There are a few things to note here:

First, we see that it gives us a point estimate of the difference in means as the first column in the output
Next, we get a confidence interval for the difference for lower and upper bounds. By default, this is a 95% confidence interval, but we can change this in the TukeyHSD() function by passing in an argument for conf.level
Finally, we see that the last column gives us an adjusted p-value. That is, rather than adjusting \(\alpha^* = \alpha/3\) and comparing the original p-values, it adjust the p-values that we can compare with our regular \(\alpha\). In either case, the conclusions that we should come to will be the same.

From this output, we see the only statistically significant difference in between yellow and white.

Finally, we can plot the output from the TukeyHSD() function with a call to the base R function plot()

## Pass in output from TukeyHSD() function
plot(comp)

Note here again, the only confidence interval that does not contain 0 (our null hypothesis for pairwise tests) is that between yellow and white, consistent with the output we observed above.

Question 3: An individual’s “critical clicker frequency” is the highest frequency at which a flickering light source can actually be detected to be flickering; at frequencies above this rate, the light source will appear continuous. EPILEPSY WARNING (An example of this can be seen here)

The data below come from a study titled “The effect of iris color on critical flicker frequency” published in the Journal of General Psychology, recording the critical clicker frequency and iris color for \(n = 19\) subjects

flicker <- read.delim('https://raw.githubusercontent.com/IowaBiostat/data-sets/main/flicker/flicker.txt')

Part A: What are the null and alternative hypotheses for one-way ANOVA analyzing this data

Null: there is no difference between mean frequencies for the colors Alternative: at least one color has a different mean frequency than the others

Part B: Use the aov() function to analyze this data and print a summary using summary()
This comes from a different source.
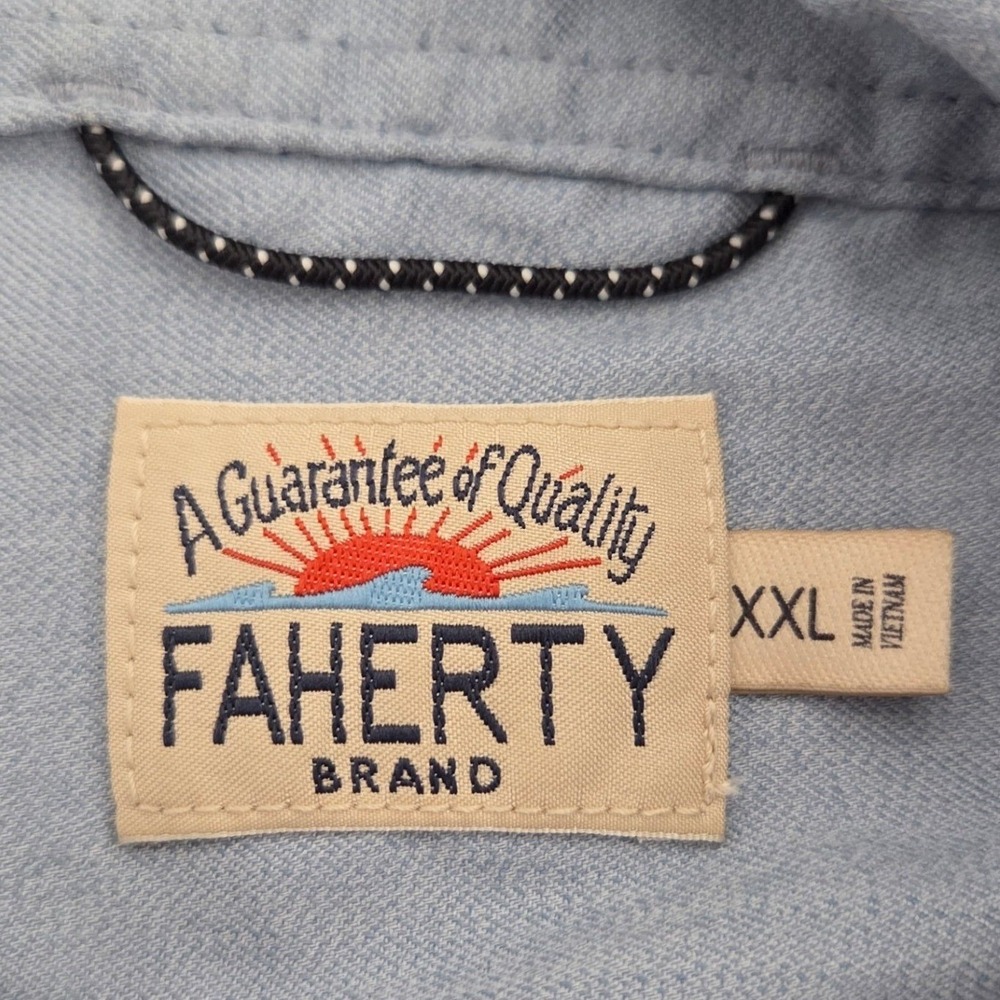 Faherty Brand Movement Shirt Mens XXL Blue Supima Cotton Stretch Button‎ Down - Picture 4 of 6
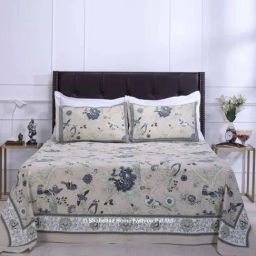 Shahenaz Beige & Grey 120 TC Cotton Rama Double Bedsheet with 2 Pillow Covers-picture-15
model2 = aov(Flicker ~ Color, flicker) 
model2 %>% summary()

##             Df Sum Sq Mean Sq F value Pr(>F)  
## Color        2  23.00  11.499   4.802 0.0232 *
## Residuals   16  38.31   2.394                 
## ---
## Signif. codes:  0 '***' 0.001 '**' 0.01 '*' 0.05 '.' 0.1 ' ' 1

Part C: Does Color or the Residuals have a larger sum of squares? Which has a larger mean square? What accounts for this discrepancy?

Residuals has a larger sum of squares. Color has a larger mean square. This is because the groups have different df, Color has many less to divide by.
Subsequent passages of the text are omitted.